While the operating result of the group declined in 2022 (€1,743 million, down from €2,036 million in 2021), reflecting lower results from its asset management division, Moody’s mentioned that the group’s combined ratio remains at a good level (95.8% in 2022, up from 93.5% in 2021) and that the Dutch life operating result improved (to €999 million up from €986 million in 2021). Moody’s also noted positively that the results from the non-Dutch European business remained resilient.
The rating agency also said that the financial leverage of the group significantly increased in 2022 (according to Moody’s calculations), driven by a reduction in the group’s shareholders’ equity (€16,005 million at YE2022 down from €32,888 million at YE2021).

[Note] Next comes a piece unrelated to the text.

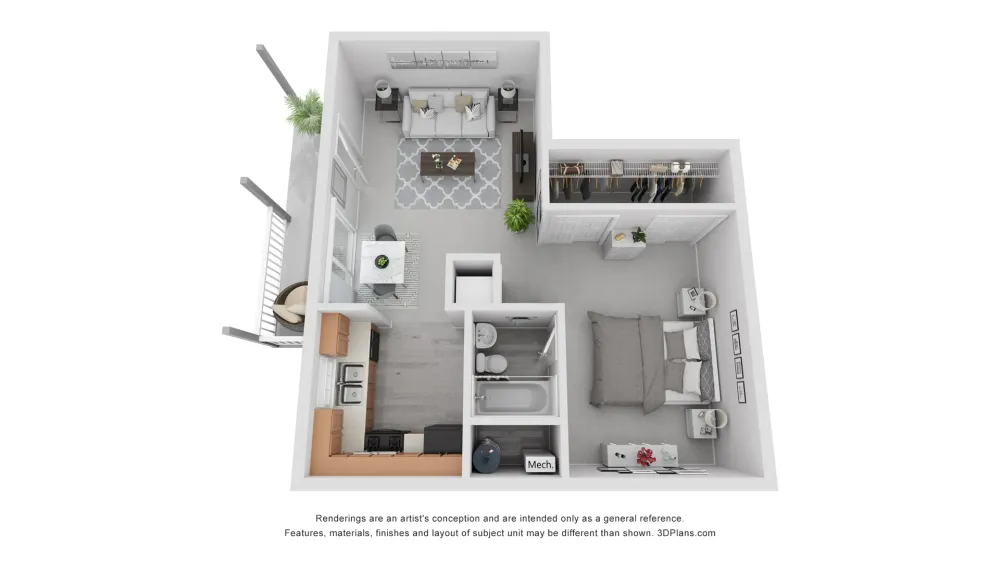 A photo of our studio floor plan, The Barrett.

However, this mostly reflected the decrease in the value of NN’s fixed income investments following the rise in interest rates in 2022, and Moody’s does not expect the company to crystalise these unrealised losses. Moody’s considers that NN Group’s leverage remains consistent with the group’s rating level.

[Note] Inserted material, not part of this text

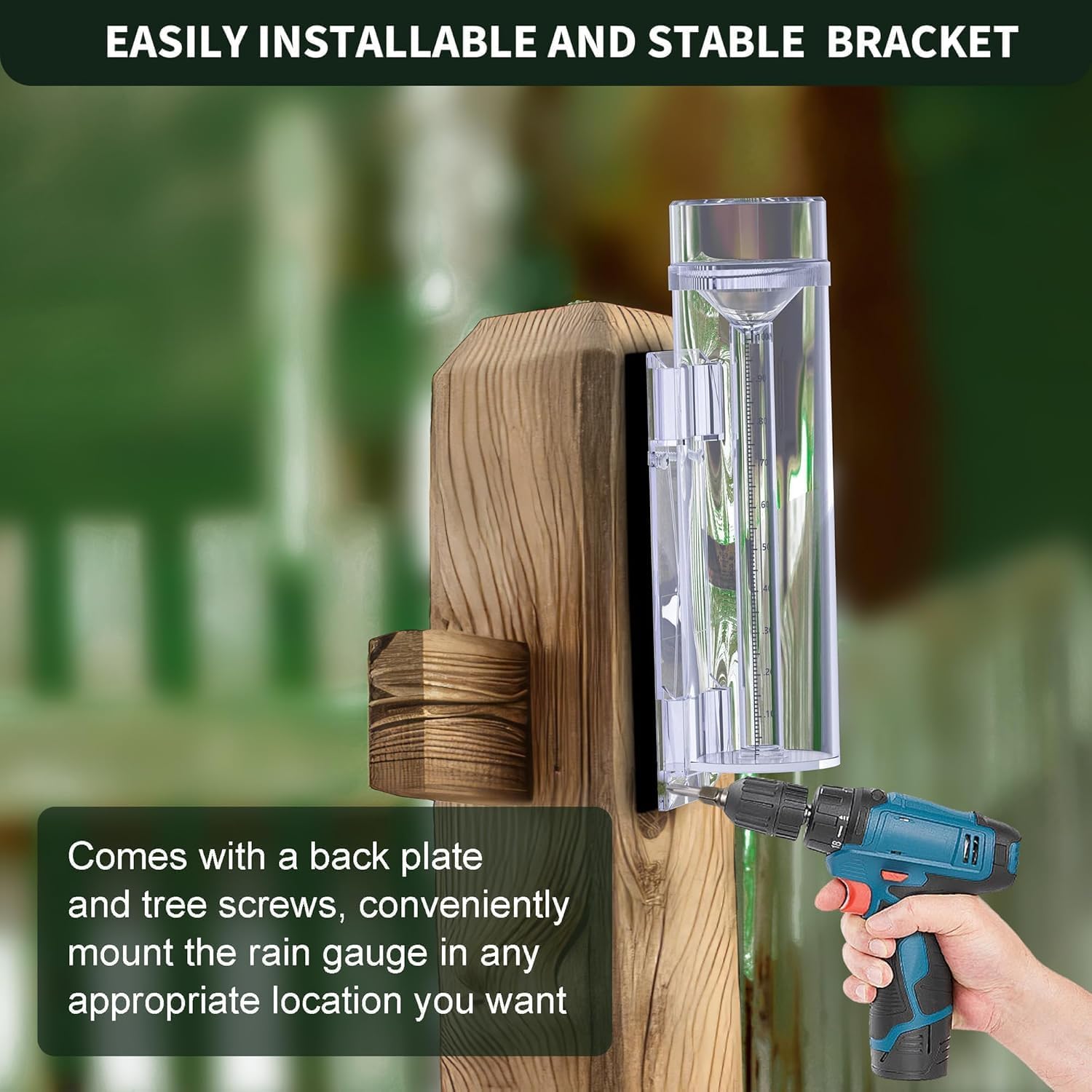 Outdoor Rain Gauge and Snow Professional Stratus Long Term, Easy-to-Read,Made of UV and Heat Resistant Polycarbonate Material for All Weather Conditions with Precise Mounting Bracket (1PC) thumbnail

NN’s A3 LT issuer rating reflects the financial strength of the entire NN Group and is based on the standard notching approach for senior debt issued by a non-operating holding company in the European Union, reflecting the structural subordination of bondholders against policyholders and Solvency II’s effective group supervision.
In a jurisdiction subject to group-wide supervision, such as the Netherlands, Moody’s applies a two notches difference between the senior unsecured debt issued by a non-operating holding company and the insurance financial strength rating of its main operations. NN’s Baa1(hyb) subordinated debt rating is one notch below the group’s issuer rating , which is in line with Moody’s standard notching practices.
NN’s outlook is stable, reflecting the rating agency expectation that the group will take actions to protect its profitability in the non-life business.
The growth prospects of the group remain moderate in its domestic mature market, but Moody’s expects NN to benefit from the upcoming pension reform in the Netherlands.
Positive rating pressure on NN’s ratings could occur over the next 12-18 months in case of:
- (1) Improved product and geographic diversification, with proven expansion of the business following the pension reform in the Netherlands, coupled to an increase of the share of non-domestic operating capital generation to above 33%;
- (2) Group Solvency II ratio improved to above 200% and maintained at this level for a sustained basis;
- (3) Return on Capital (Moody’s definition) increased to 8% or above, and maintained at this level.
Alternatively, negative rating pressure on the ratings could occur in case of:
- (1) weakening of the group’s business profile caused by deteriorated market positions in both domestic and overseas markets, or by an increase in product risk;
- (2) Group Solvency II ratio sustainably below 180% coupled to a deterioration of market sensitivities;
- (3) deterioration of profitability metrics, such as Return on Capital (Moody’s definition) sustainably below 5% or lower profitability caused by claims inflation, or more volatile earnings levels going forward.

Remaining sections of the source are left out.